Hacía mucho que había hablado de aquel asunto, y los dos eran del mismo parecer. En aquella ocasión, él había citado a cierto filósofo poco conocido del siglo XX.

—Todas las religiones son un invento del demonio, concebido para negar al hombre la contemplación de Dios.

A lo que ella había respondido:

—La mayor tragedia de toda la historia de la humanidad es quizás el secuestro de la moral por parte de la Iglesia, quien no sabe qué hacer con ella, porque piensa que está definida por la voluntad de un ser inexistente.

Con todo, sabía bien el aprecio que su esposo profesaba a aquel anciano religioso, y ante la falta de ideas que pudiesen resultar satisfactorias, optó por cambiar de tema.

—¿Has visto lo que estaba haciendo Robert para Surash cuando has entrado?

—No —contestó él parpadeando—. Espera: estaba con uno de sus rompecabezas, ¿no?

—Sí, pero con uno de quinientas piezas. Lo ha hecho en la cocina, y ha estado entretenido en algo más.

Al llegar aquí se detuvo sonriente, y Ranjit no dudó en entrar al trapo.

—¿Vas a decirme de qué se trata? —le exigió.

—Mejor te lo enseño. Vamos a su dormitorio —dijo, sin intención de pronunciar una sola palabra más antes de llegar allí.
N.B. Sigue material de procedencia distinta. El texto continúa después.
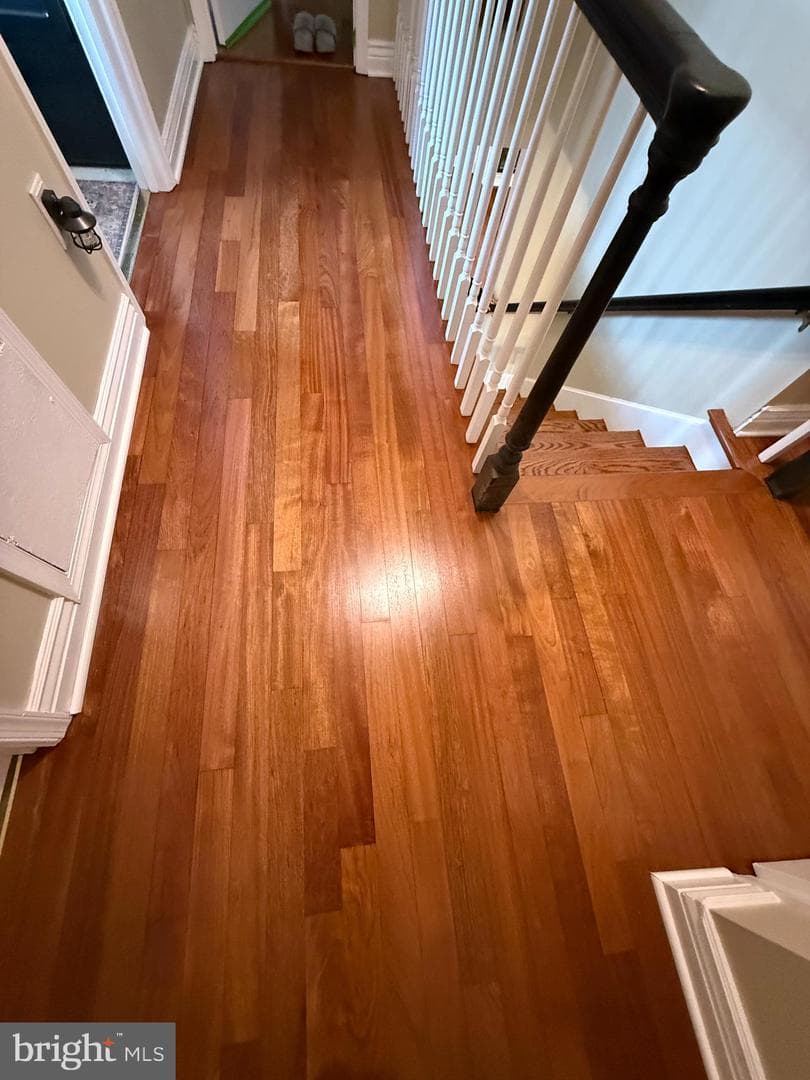 106 Launchris Drive photo 20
Cuando entraron, el niño, que se hallaba sentado ante las imágenes de animales que presentaba la pantalla, alzó la mirada con una gran sonrisa dibujada en el rostro.

—Robert, cariño —le pidió su madre—, ¿por qué no le enseñas a papá tus pentominós?

* * *

La noticia de que su hijo estuviese interesado en semejantes figuras geométricas no supuso demasiada conmoción para Ranjit, pues él mismo se había sentido fascinado por ellas con cinco o seis años, y había sido, en consecuencia, uno de los primeros que habían tratado de hacérselos atractivos a la criatura, explicándole con paciencia las formas que podía crear con fichas cuadradas.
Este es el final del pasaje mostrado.